Keywords: Healthcare, Accessible, Light-weighted, Neural Network, AI

1. Introduction

Modern healthcare systems are often challenged by the growing demand for accessible and timely medical care. In countries with large populations or limited medical infrastructure, patients may face long waiting times for consultations or misdiagnosis due to overloaded healthcare providers. Additionally, the lack of access to medical professionals in rural or remote areas further exacerbates the problem. In this context, AI-based diagnostic assistants offer an innovative solution. However, many existing tools are either commercially restricted, too complex for laypeople to use, or lack adaptability. This research seeks to address these shortcomings through the development of an AI-driven medical assistant that accurately predicts diseases based on symptoms, freely accessible, lightweighted and fast, feedback-enabled, and scalable. The problem this research tackles can be summarized by the following core questions:

- Can AI be used to make accurate predictions about diseases based solely on symptom input?

- Can such a system be made accessible and intuitive enough for public use?
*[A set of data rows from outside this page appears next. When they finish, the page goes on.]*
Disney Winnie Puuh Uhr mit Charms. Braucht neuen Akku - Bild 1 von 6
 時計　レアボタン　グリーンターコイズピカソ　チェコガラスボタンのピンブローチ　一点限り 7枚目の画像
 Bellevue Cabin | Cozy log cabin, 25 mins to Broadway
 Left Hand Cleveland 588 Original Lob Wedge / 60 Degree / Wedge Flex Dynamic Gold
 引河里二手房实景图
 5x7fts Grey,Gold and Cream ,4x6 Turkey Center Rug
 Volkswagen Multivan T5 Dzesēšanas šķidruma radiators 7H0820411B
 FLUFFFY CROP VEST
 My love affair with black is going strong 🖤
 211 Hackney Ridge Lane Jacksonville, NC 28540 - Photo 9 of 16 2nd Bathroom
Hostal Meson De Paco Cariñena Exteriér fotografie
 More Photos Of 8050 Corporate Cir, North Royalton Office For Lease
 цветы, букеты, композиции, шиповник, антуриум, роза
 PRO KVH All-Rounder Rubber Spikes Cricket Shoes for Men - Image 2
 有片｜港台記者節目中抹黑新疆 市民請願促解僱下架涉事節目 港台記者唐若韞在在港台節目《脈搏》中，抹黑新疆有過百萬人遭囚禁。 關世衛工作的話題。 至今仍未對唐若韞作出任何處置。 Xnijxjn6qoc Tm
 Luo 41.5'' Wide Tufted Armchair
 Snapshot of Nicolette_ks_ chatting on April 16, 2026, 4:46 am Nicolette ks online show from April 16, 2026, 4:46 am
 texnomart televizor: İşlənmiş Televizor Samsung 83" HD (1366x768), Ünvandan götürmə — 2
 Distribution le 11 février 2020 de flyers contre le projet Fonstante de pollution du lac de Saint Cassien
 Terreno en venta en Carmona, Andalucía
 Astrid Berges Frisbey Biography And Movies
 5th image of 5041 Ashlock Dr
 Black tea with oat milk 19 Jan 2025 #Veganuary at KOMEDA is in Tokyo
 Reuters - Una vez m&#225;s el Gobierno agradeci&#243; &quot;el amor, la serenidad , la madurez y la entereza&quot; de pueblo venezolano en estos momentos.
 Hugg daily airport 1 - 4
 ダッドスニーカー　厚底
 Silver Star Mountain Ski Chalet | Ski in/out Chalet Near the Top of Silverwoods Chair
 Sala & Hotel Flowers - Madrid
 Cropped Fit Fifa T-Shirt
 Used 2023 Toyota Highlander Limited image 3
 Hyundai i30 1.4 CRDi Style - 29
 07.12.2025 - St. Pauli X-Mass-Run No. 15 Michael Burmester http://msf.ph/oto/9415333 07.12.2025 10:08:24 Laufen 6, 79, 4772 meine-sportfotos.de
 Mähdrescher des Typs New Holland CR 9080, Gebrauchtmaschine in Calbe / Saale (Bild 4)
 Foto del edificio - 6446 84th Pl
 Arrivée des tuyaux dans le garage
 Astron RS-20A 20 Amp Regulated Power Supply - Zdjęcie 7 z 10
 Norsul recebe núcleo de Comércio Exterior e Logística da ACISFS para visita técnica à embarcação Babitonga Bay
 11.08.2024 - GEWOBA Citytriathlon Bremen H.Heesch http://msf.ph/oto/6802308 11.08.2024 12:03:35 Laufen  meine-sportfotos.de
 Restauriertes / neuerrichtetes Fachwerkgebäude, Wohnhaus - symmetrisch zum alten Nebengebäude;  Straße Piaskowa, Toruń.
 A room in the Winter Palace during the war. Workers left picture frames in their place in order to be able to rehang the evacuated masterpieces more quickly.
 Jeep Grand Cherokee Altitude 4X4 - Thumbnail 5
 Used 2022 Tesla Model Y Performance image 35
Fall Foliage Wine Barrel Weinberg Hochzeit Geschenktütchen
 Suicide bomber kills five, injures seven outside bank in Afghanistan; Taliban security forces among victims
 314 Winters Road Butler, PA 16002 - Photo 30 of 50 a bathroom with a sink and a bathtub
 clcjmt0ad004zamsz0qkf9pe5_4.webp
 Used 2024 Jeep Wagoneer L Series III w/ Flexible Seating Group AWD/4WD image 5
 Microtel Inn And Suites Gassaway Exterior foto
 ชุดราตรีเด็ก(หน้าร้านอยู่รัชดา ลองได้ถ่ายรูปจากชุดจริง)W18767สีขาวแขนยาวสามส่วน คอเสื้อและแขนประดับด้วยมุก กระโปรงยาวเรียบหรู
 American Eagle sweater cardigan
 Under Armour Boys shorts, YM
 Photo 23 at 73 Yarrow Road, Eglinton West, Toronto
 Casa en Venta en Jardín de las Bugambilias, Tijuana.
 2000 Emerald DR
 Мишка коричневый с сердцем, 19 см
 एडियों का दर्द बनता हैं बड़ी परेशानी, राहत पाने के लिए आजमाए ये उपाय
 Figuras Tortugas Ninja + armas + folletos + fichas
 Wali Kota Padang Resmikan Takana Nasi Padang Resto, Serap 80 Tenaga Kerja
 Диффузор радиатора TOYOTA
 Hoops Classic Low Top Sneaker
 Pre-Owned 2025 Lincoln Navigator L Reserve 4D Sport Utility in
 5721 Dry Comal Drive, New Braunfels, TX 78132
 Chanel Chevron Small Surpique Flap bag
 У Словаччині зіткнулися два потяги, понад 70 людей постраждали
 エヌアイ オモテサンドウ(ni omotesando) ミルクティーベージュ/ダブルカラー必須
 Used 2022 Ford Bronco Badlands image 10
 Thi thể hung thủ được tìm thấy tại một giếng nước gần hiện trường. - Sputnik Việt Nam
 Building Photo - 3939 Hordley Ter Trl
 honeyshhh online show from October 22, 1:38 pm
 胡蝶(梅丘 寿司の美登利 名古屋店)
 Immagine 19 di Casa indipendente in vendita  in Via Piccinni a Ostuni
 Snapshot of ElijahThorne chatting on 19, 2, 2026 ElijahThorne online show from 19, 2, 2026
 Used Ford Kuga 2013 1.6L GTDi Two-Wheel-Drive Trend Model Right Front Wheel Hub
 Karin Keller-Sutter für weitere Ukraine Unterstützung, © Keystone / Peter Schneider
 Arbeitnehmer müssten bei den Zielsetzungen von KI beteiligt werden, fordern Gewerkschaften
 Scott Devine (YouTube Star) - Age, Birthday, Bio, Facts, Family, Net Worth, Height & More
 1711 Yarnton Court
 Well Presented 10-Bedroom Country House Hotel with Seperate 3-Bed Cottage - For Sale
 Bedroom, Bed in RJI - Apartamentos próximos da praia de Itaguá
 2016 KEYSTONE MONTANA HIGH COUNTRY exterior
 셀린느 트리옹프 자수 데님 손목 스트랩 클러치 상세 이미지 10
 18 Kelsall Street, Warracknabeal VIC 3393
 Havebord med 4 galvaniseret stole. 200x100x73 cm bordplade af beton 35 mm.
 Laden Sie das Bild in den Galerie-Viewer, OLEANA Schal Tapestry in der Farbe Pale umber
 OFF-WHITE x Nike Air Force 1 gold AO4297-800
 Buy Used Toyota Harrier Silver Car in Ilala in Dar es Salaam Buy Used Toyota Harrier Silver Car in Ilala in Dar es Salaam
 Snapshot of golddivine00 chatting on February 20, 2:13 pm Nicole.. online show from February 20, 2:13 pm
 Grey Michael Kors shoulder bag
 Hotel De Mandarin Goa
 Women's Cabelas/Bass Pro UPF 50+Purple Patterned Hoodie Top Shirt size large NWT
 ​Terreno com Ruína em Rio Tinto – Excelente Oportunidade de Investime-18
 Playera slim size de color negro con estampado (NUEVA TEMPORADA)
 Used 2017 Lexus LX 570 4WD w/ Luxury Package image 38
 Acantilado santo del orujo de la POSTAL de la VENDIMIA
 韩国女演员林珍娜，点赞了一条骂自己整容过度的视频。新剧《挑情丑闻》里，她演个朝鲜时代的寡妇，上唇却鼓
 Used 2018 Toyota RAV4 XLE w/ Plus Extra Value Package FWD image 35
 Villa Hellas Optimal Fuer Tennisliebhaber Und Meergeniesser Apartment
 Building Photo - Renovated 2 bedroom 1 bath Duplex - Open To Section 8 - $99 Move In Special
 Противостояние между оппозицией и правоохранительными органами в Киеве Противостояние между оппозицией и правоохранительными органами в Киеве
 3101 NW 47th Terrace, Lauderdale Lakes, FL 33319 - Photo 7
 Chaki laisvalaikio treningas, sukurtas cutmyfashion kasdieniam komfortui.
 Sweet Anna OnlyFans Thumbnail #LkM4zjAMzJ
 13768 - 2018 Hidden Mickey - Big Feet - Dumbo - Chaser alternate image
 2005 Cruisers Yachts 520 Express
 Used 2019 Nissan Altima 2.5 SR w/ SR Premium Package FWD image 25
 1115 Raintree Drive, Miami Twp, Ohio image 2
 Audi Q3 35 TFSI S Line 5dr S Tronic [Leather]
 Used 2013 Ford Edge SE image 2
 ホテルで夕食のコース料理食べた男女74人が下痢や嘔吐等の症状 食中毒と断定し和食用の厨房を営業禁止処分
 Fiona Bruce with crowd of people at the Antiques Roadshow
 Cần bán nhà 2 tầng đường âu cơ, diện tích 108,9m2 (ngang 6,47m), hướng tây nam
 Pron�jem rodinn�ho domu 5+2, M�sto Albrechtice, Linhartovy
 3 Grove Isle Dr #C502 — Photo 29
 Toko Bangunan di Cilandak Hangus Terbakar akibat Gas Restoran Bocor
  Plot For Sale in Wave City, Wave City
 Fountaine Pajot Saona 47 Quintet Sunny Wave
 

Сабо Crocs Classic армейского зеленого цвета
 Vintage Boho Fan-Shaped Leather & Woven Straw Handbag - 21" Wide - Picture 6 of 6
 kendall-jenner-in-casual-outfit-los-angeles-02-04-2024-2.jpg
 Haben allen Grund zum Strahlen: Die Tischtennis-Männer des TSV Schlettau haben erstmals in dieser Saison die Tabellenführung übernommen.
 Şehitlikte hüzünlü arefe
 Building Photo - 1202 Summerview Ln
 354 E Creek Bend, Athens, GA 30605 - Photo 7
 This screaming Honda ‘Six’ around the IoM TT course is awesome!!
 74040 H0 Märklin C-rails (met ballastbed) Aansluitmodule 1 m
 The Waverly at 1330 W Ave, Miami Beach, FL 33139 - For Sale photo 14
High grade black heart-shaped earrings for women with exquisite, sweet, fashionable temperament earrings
- Can feedback from users be used to improve and adapt the model over time?

1.1 Neural Networks

A neural network is a machine learning system designed to mimic the organization of the human brain. It consists of interconnected layers of nodes known as neurons. The input layer receives raw data, and the output layer produces the final output. Computation occurs in the hidden layers, which transform the input into the output [1]. A neural network’s identification of patterns in data by adjusting the weights of connections between neurons is the most important objective of using it. During training, the network receives a set of labeled samples and updates its weights based on the differences between predicted and actual output. After training, the network can be used to make predictions or decisions using new input data [2].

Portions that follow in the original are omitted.